C'était l'idée de génie du script, déplacer le curseur émotionnel sur le traître, ce qui semblait annoncer une parenté avec L'assassinat de Jesse James par le lâche Robert Ford (Andrew Dominik, 2007). Compte tenu du caractère et de la destinée de William O'Neale (la séquence d'archives finale est vertigineuse), il y avait une grande opportunité pour délivrer un drame de première main. Le film esquisse des pistes de réflexion passionnantes sur O'Neal, et ce qui a pu se jouer chez celui s'est découvert une conscience alors qu'il devenait parallèlement un instrument d'oppression. C'est notamment perceptible dans l'évolution subtile qu'il entretient avec son agent de liaison Roy Mitchell (excellent Jesse Plemons). Ce qui fait de Lakeith Stanfield le joker du film, puisque l'acteur distille avec intelligence cette ambigüité qui croit tout au long des 120 minutes. Hélas, c'est ici que la démarche factuelle plombe l'ensemble. En se refusant à certaines libertés, Judas and the Black Messiah suit une trajectoire courue d'avance, sans surprise ni rebondissements. Ni point d'orgue ni point de rupture, les personnages ne présentent aucune évolution en tant que telle. Aucune emphase n'étant entreprise, on reste à distance des évènements. C'est pour éviter ce genre de monotonie que le recours à la fiction semble indispensable. Pourquoi ne pas avoir recentré sur les rapports entre Hampton et O'Neal quitte à en inventer vu que le cœur de l'œuvre réside là ?
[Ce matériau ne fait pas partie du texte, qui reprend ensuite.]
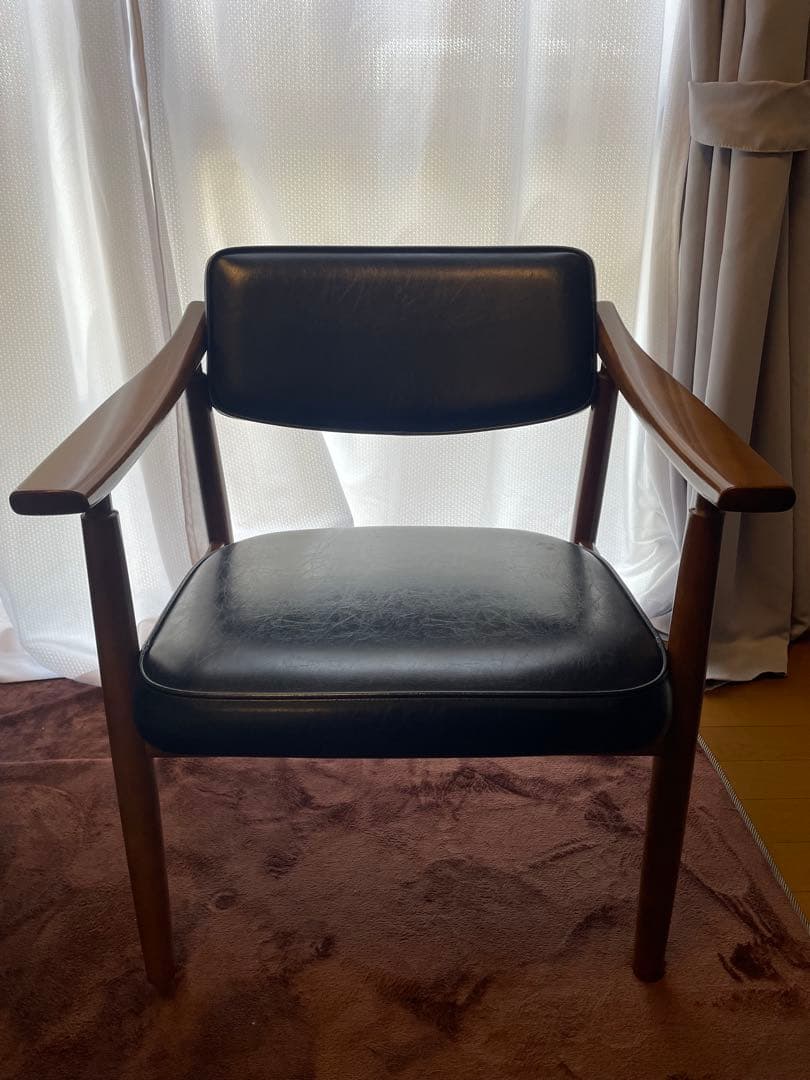 Dチェア　カリモク60　スタンダードブラック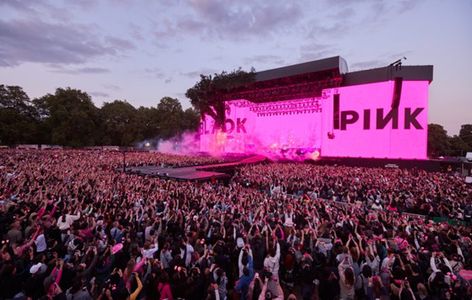 Blackpink Bst Hyde Park, Uk Festival, Bst Hyde Park, British Music, London Summer, British Summer, London Park, All Eyes On Me, Blackpink And Bts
Cette dévotion au réel fait obstacle au triomphe du film à mon sens. Or, c'est précisément quand il prend ses distances avec que le cinéma peut abroger les frontières, combler les blancs de la l'Histoire collective en suggérant une fable tout aussi évocatrice et puissante. Il ne s'agit pas de mentir mais de permettre une mise en retrait du factuel (déjà sujet à caution) afin de remettre en avant ce pouvoir du "et si ?". En optant pour l'approche inverse, Shaka King a malencontreusement nuit au potentiel dramaturgique de cette Amérique sur la corde raide. Dans une action plus téméraire, le film aurait aisément pu se faire une place dans la veine plus abrasive d'un Oliver Stone ou d'un Spike Lee. Faute de quoi, il faut se contenter d'une proposition scolaire et rien de plus. En soi, cela peut suffire à dresser un pont vers la connaissance, mais je crains qu'il ne soit pas assez robuste pour tenir sur la durée.
*Si j'ai pris le temps de cette clarification, c'est parce que je suis de plus en plus irrité de ses chroniques interminables qui subordonnent les aspects artistiques à la faveur d'un élément (l'aspect factuel) qui n'a jamais été le but ou l'ambition d'un film. Une approche à mon goût paresseuse, surtout quand elle s'accompagne d'une posture méprisante consistant à railler ou négliger une œuvre en dépit de ses qualités sur une base aussi fallacieuse que malhonnête.